→ ACTIVITY: Only one stretch of the listing below is wanted. Give it again exactly, from the line with "Двухсторонняя дубленка из" through the line with "WHITE AND MAROON STRIPE PALAZZO TROUSERS".

→ SOURCE RECORDS:
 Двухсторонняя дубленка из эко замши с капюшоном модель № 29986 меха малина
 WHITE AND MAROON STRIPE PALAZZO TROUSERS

* * *

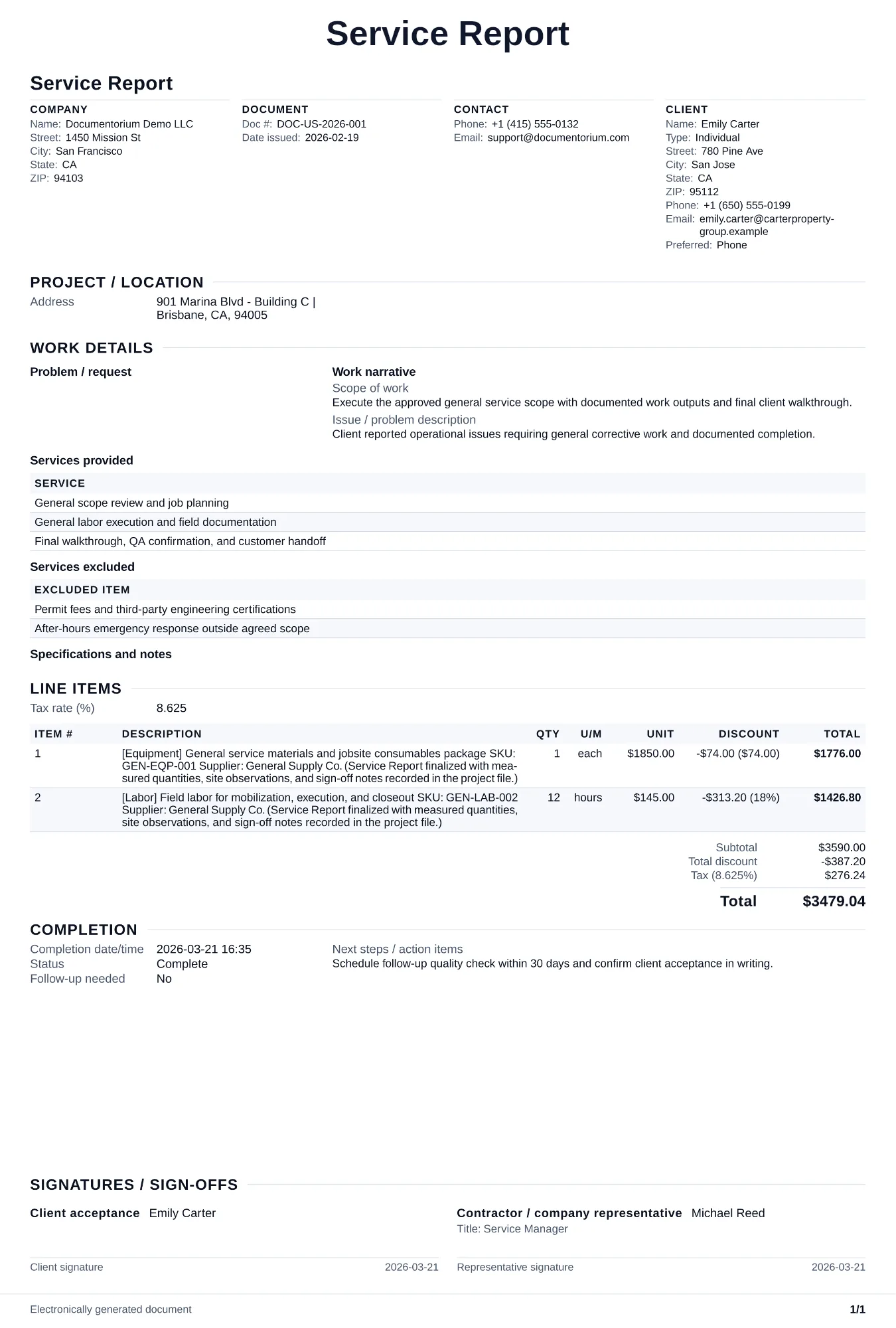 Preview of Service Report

→ SOLUTION:
 Двухсторонняя дубленка из эко замши с капюшоном модель № 29986 меха малина
 WHITE AND MAROON STRIPE PALAZZO TROUSERS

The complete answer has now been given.